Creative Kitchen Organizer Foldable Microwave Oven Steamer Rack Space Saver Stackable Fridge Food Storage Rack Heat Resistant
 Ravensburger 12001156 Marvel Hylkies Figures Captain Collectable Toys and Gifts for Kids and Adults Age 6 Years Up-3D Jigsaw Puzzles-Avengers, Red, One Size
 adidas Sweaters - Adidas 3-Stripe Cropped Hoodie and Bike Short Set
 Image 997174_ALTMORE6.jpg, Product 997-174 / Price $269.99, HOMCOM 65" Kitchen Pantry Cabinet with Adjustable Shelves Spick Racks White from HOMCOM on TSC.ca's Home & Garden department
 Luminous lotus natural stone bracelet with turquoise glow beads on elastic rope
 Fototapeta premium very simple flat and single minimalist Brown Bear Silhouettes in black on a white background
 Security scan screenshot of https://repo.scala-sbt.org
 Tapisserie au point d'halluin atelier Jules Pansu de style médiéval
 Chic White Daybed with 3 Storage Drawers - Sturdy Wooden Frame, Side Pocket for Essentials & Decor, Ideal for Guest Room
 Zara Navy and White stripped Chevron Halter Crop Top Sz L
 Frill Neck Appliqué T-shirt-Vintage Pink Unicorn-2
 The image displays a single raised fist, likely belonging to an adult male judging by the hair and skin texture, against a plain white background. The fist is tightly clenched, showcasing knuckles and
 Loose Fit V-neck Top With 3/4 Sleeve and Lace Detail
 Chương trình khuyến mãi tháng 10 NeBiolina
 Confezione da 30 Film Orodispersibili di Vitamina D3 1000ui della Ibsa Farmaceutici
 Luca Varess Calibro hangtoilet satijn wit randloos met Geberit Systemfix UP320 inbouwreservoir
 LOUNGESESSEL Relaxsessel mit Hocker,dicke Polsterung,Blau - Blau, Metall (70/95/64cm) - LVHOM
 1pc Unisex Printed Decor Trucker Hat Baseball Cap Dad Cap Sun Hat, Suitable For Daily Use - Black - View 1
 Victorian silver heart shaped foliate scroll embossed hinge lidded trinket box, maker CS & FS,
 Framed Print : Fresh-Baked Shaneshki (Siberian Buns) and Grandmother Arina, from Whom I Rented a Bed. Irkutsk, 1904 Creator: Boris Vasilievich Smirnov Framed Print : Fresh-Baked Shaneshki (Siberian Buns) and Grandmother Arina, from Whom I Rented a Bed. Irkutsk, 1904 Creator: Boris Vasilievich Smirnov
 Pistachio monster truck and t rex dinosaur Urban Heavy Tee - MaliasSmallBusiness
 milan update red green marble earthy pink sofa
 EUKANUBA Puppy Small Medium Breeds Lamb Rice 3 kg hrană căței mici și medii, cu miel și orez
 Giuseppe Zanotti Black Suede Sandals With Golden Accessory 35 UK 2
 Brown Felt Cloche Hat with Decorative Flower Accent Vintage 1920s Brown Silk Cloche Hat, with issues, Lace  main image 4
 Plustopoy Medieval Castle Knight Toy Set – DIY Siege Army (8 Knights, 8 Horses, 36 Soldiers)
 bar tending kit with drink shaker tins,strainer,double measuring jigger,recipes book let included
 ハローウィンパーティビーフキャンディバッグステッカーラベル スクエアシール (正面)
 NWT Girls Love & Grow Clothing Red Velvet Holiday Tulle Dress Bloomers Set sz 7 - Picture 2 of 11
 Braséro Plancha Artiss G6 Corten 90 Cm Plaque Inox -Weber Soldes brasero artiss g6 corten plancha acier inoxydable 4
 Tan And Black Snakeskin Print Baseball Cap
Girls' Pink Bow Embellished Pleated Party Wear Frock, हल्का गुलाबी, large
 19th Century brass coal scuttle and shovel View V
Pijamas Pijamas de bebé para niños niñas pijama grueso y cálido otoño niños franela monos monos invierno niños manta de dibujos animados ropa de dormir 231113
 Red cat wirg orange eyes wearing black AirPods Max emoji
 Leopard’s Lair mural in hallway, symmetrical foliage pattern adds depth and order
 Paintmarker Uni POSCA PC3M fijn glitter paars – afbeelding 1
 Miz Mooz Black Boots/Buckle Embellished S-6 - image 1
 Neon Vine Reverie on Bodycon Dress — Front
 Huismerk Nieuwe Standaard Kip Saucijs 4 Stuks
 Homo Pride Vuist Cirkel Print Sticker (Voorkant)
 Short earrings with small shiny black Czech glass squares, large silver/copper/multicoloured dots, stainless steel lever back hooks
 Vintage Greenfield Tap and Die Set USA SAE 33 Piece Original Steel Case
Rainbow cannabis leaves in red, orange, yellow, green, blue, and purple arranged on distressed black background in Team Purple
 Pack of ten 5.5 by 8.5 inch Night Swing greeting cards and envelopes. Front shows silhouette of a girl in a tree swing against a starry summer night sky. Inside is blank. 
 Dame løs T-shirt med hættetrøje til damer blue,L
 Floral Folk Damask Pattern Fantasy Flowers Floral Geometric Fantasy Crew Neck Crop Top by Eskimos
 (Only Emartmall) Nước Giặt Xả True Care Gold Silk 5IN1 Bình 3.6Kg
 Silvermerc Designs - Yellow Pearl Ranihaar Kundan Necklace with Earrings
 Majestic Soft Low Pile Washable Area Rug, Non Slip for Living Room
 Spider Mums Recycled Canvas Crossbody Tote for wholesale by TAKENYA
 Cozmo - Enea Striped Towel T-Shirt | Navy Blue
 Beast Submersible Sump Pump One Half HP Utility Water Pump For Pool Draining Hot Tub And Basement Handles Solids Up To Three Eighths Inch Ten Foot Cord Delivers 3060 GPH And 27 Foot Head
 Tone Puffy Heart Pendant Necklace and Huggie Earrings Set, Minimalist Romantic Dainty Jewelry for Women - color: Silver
- - -
> _TASK REQUIREMENTS_
From the entries above, print the lines beginning at the one with "Luminous lotus natural" and stopping after the one with "Giuseppe Zanotti Black", exactly as written and with nothing else.

> _OUTPUT OF THE TASK_
 Luminous lotus natural stone bracelet with turquoise glow beads on elastic rope
 Fototapeta premium very simple flat and single minimalist Brown Bear Silhouettes in black on a white background
 Security scan screenshot of https://repo.scala-sbt.org
 Tapisserie au point d'halluin atelier Jules Pansu de style médiéval
 Chic White Daybed with 3 Storage Drawers - Sturdy Wooden Frame, Side Pocket for Essentials & Decor, Ideal for Guest Room
 Zara Navy and White stripped Chevron Halter Crop Top Sz L
 Frill Neck Appliqué T-shirt-Vintage Pink Unicorn-2
 The image displays a single raised fist, likely belonging to an adult male judging by the hair and skin texture, against a plain white background. The fist is tightly clenched, showcasing knuckles and
 Loose Fit V-neck Top With 3/4 Sleeve and Lace Detail
 Chương trình khuyến mãi tháng 10 NeBiolina
 Confezione da 30 Film Orodispersibili di Vitamina D3 1000ui della Ibsa Farmaceutici
 Luca Varess Calibro hangtoilet satijn wit randloos met Geberit Systemfix UP320 inbouwreservoir
 LOUNGESESSEL Relaxsessel mit Hocker,dicke Polsterung,Blau - Blau, Metall (70/95/64cm) - LVHOM
 1pc Unisex Printed Decor Trucker Hat Baseball Cap Dad Cap Sun Hat, Suitable For Daily Use - Black - View 1
 Victorian silver heart shaped foliate scroll embossed hinge lidded trinket box, maker CS & FS,
 Framed Print : Fresh-Baked Shaneshki (Siberian Buns) and Grandmother Arina, from Whom I Rented a Bed. Irkutsk, 1904 Creator: Boris Vasilievich Smirnov Framed Print : Fresh-Baked Shaneshki (Siberian Buns) and Grandmother Arina, from Whom I Rented a Bed. Irkutsk, 1904 Creator: Boris Vasilievich Smirnov
 Pistachio monster truck and t rex dinosaur Urban Heavy Tee - MaliasSmallBusiness
 milan update red green marble earthy pink sofa
 EUKANUBA Puppy Small Medium Breeds Lamb Rice 3 kg hrană căței mici și medii, cu miel și orez
 Giuseppe Zanotti Black Suede Sandals With Golden Accessory 35 UK 2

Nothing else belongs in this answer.